Profesor Gut dodaje, że możliwe jest zastosowanie „rozwiązania Macrona”, polegającego na tym, by zakres zezwolenia na uczestniczenie w życiu publicznym poszerzać dla osób zaszczepionych, a ograniczać dla niezaszczepionych – „To ma uzasadnienie. Niezaszczepiony gospodarz kwater turystycznych może się zakazić od jednego turysty i natychmiast przekazać infekcję innemu. Niezaszczepieni stwarzają zagrożenie dla innych. Tyle, że metody zakazów, sankcji prawnych często nie przynoszą pożądanych skutków, czego doświadczyliśmy choćby w wypadku wprowadzenia prawnego nakazu noszenia maseczek higienicznych na twarzy”.

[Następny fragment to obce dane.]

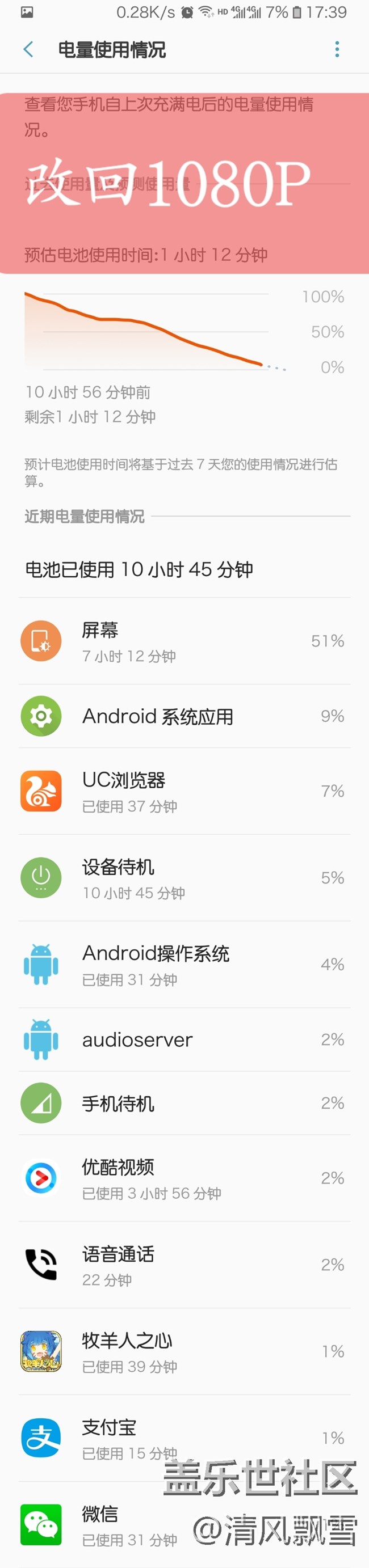 实测NOTE9使用一天亮屏多久？哪个应用环境省电？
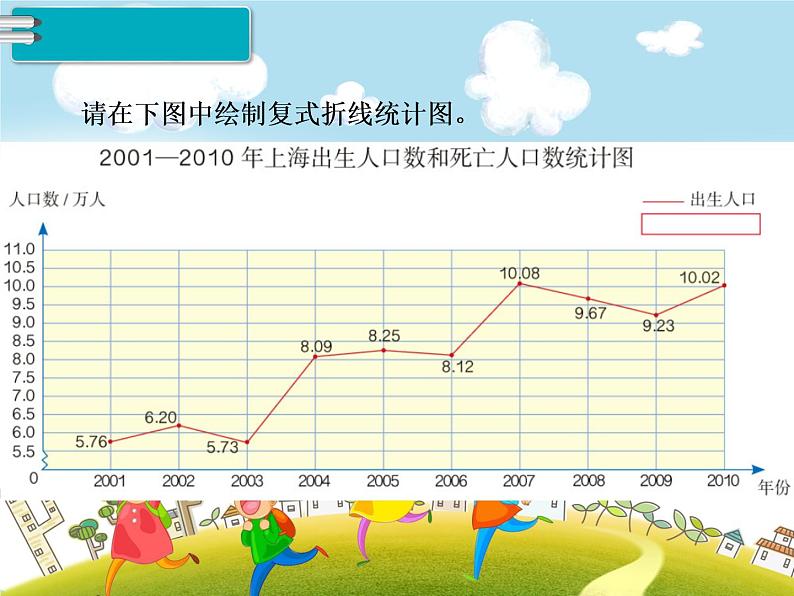 人教版数学五年级下册-09折线统计图-课件03第7页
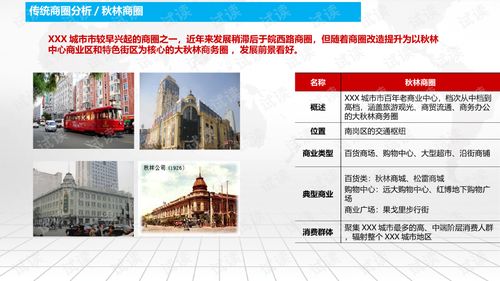 商業廣場招商運營與物業管理綜合解決方案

Jacek Krajewski, prezes Porozumienia Zielonogórskiego także doradza zastosowanie metod perswazyjnych w miejsce zakazów i nakazów. „Trafiliśmy z przekazem do mieszkańców miast, nie udało się w wypadku wsi. Sądzę, że to powód do zmiany metod promocji szczepień. Do lokalnych społeczności gminnych przemawia inny język, inne argumenty. Te społeczności mają innych liderów, wójtów, księży, wiejskich lekarzy. Promocja szczepień polegać by mogła na tym, by przekonać najpierw tych liderów, a potem za ich pomocą trafić do całych społeczności” – mówi Jacek Krajewski.
Jego zdaniem, gdy wziąć pod uwagę stosunek do szczepień Polaków podzielić można na trzy grupy – „Pierwsza to zwolennicy, którzy już dawno się zaszczepili. Druga to sceptycy, którzy się nie zaszczepią nawet gdyby ponieść musieli za to karę. Jest i trzecia grupa, wahających się i nieprzekonanych. I tą grupę należy walczyć, zarówno w Podkowie Leśnej, jak i Białym Dunajcu”.